» Work instruction:
Set down exactly the lines that run from the one containing "Welcome to the" to the end of the material below, both included, without pictures.
** Information provided follows **
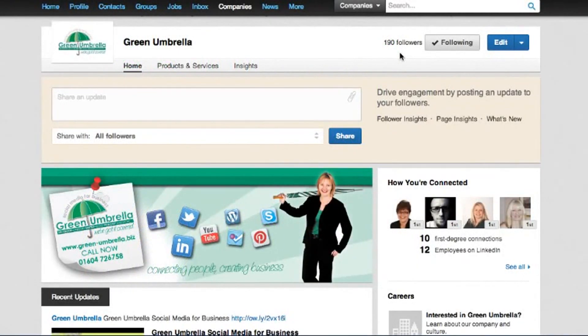Hi everyone, this is Julia Doherty from Green Umbrella Social Media for Business, and today I'm going to share with you another little LinkedIn trick on your company page.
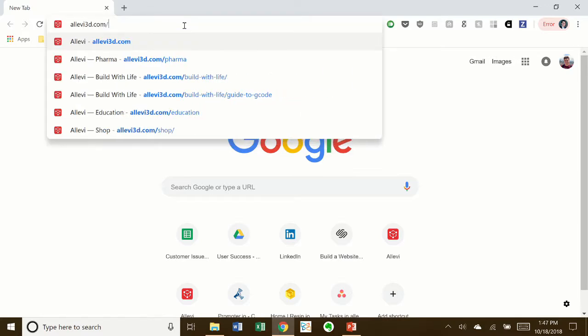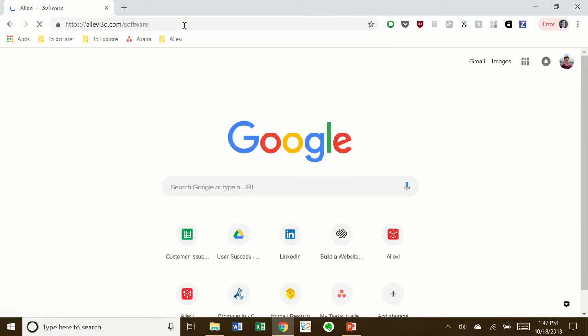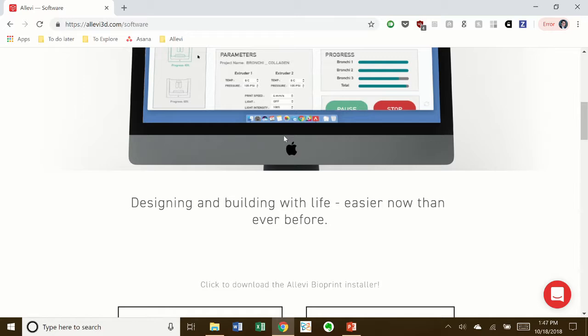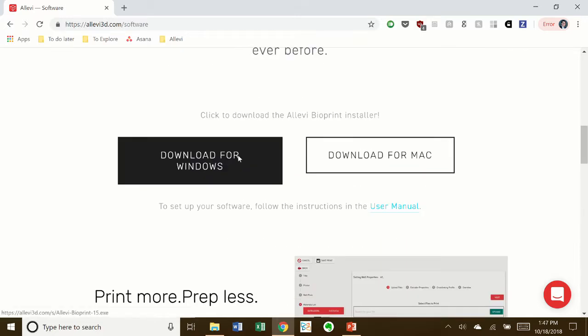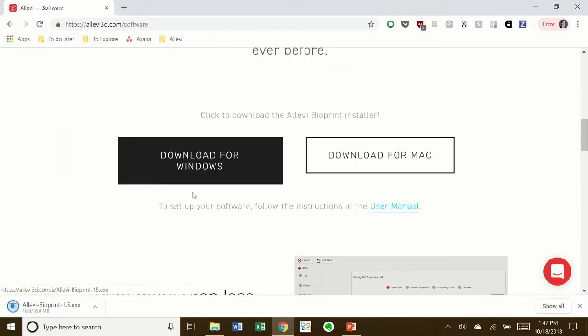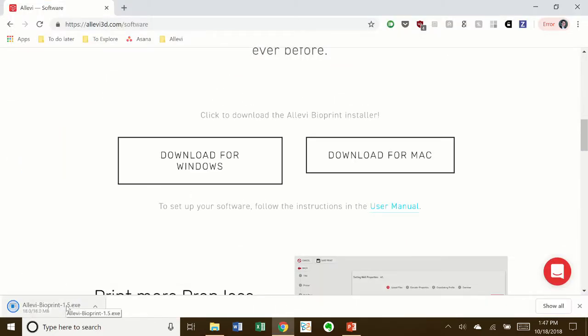To install the latest software, go to the software page on your Allevi website and download the installer for your operating system. Once downloaded, double-click to run.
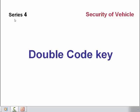Welcome to the series on vehicle security. Today we will talk about the double code key.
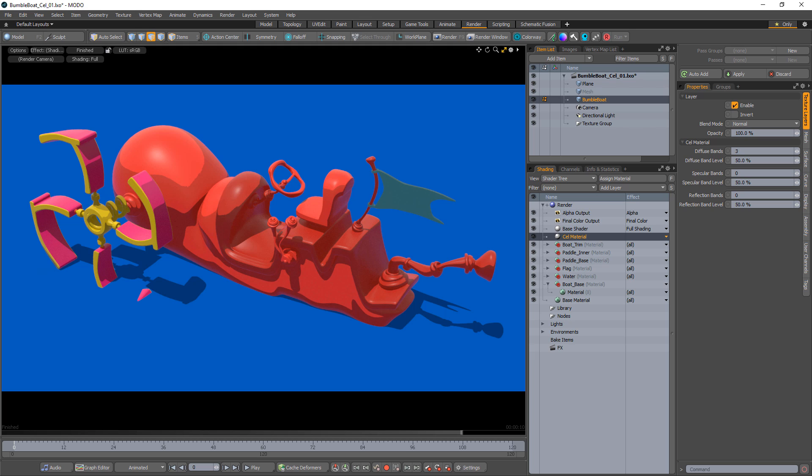This custom material creates flat colored bands that follow surface contours and edges, which produces a unique stylized surface that looks more two-dimensional.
** End of Information provided **
» Answer to this exercise:
Welcome to the series on vehicle security. Today we will talk about the double code key.
This custom material creates flat colored bands that follow surface contours and edges, which produces a unique stylized surface that looks more two-dimensional.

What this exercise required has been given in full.